Porte II / Felixstowe F.2

By July 1916 first examples of a larger Curtiss flying boat design began arriving in England. Designated H.8, these were quickly modified to accept more powerful twin 250 hp Rolls Royce engines, and redesignated Curtiss H.12s, or ‘Large Americas’ as the RNAS crews usually referred to them. The Curtiss H.12 hull soon proved to be inadequate for its tasks, so Porte designed a new hull (the Porte II), resulting in all round improvement in performance. With a new tail unit added, the modified craft was designated Felixstowe F.2, and its general structure became a prototype for succeeding F boats.

Large scale production of the F.2 was ordered, and the type began to equip RNAS units in late 1917. Carrying a crew of four, and a bombload of approximately 272 kg (600 lb), the F.2a (its production designation) could achieve a maximum speed of some 145 km/h (90 mph), with an endurance of perhaps six hours. It was cumbersome to handle and slow in manoeuvre, yet gave formidable operational service for the rest of the war. With at least four machine guns in nose, tail, and flank locations, it also gave a good account of itself when engaged by German seaplanes. The F.2a’s main duty was antisubmarine hunting; an air deterrent which undoubtedly proved successful in the protection of Britain’s vital mercantile shipping.

Span: 29 m (95 ft 7.5 in) (upper), 20.8 m (68 ft 5 in) (lower)
Length: 14.1 m (46 ft 3in)
Height: 5.3 m (17 ft 6 in)
Maximum speed: 153.7 km/h (95.5 mph) at 609.5 m (2000 ft)

Porte Baby

On the outbreak of the First World War, among the Admiralty’s chief responsibilities was the aerial defence of Britain, as well as the more traditional role as guardian of the island’s surrounding sea¬ways. At that time the Royal Naval Air Service was almost wholly equipped with floatplanes of limited range and unreliable performance. The obvious need for a sea¬going aircraft of long range led Captain Murray Sueter, Director of the Naval Air Department, to purchase two Curtiss flying boats.

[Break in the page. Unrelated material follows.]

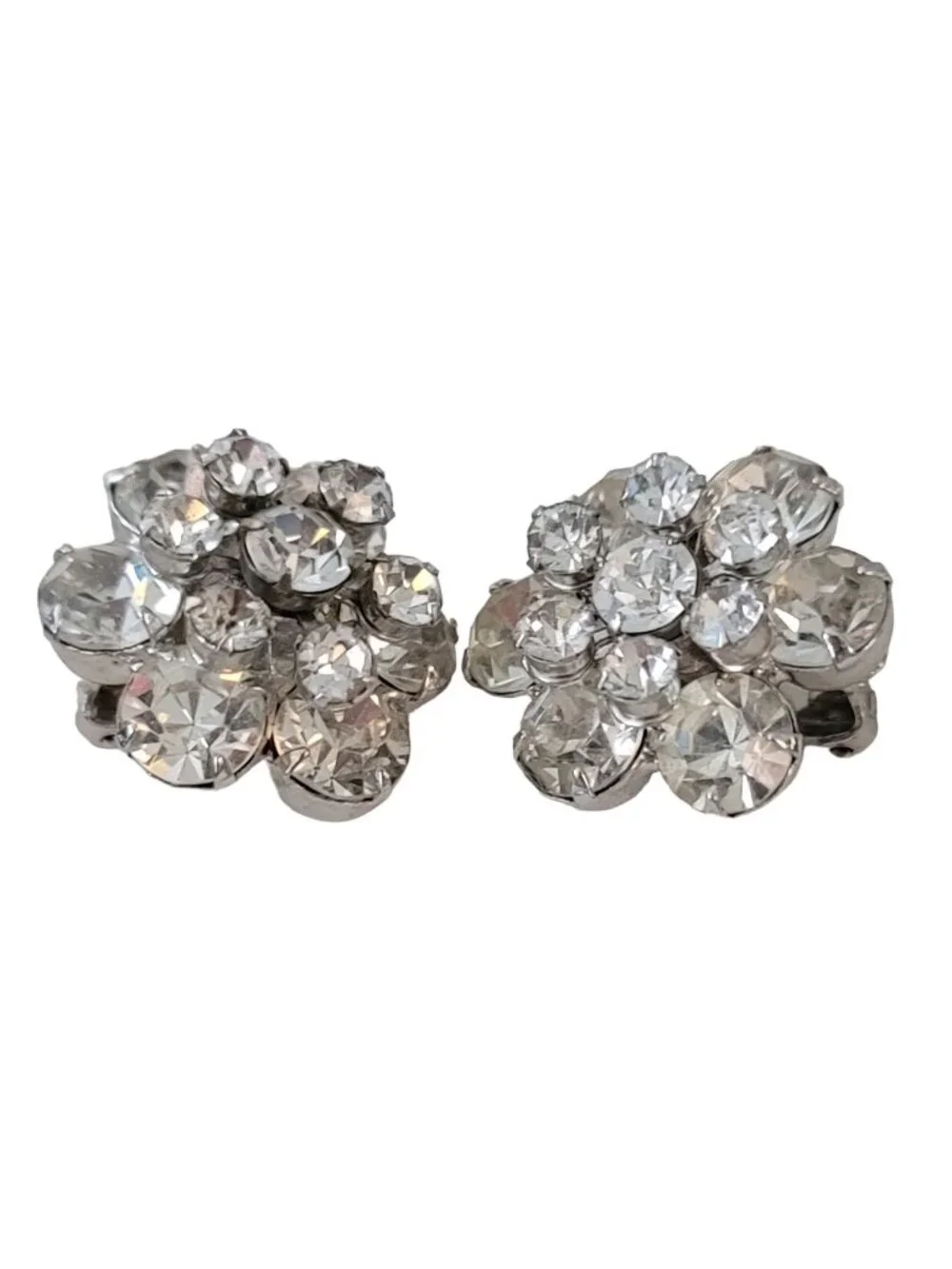 Juliana Silver Tone Clear Rhinestone Cluster Clip On Earrings E841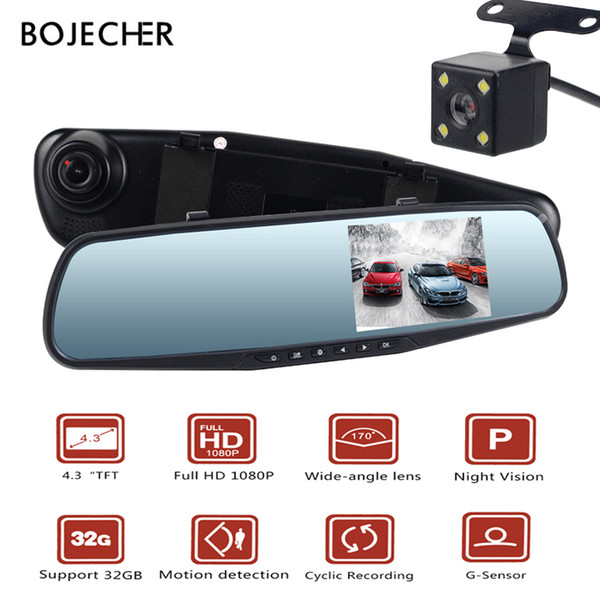 2022Full HD 1080P Car DVR Camera Dvr Rearview Mirror dash cam Dual Lens 4.3 Inch Digital Video recorder Night Vision Camcorder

After some operational use of these initial Curtiss flying boats, Commander John C Porte set out to improve some of the more obvious weaknesses in the design.

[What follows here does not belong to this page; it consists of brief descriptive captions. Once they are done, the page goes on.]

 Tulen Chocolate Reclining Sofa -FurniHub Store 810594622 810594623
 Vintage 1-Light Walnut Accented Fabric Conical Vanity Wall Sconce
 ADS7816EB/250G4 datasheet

In September 1915, Porte was appointed in command of RNAS Felixstowe and while there finally produced his own design of flying boat. It was a large, three engined aircraft, and was allocated the serial number 9800. Quite unofficially, it was titled the ‘Porte Baby’. The largest flying boat design of its day, the ‘Baby’ was put into limited production some 20 machines and most of these saw operational service in 1916 17.

It had three Rolls Royce Eagle engines, two installed as tractors and one as a pusher. One successfully launched a Bristol Scout from its top wing while airborne over Felixstow.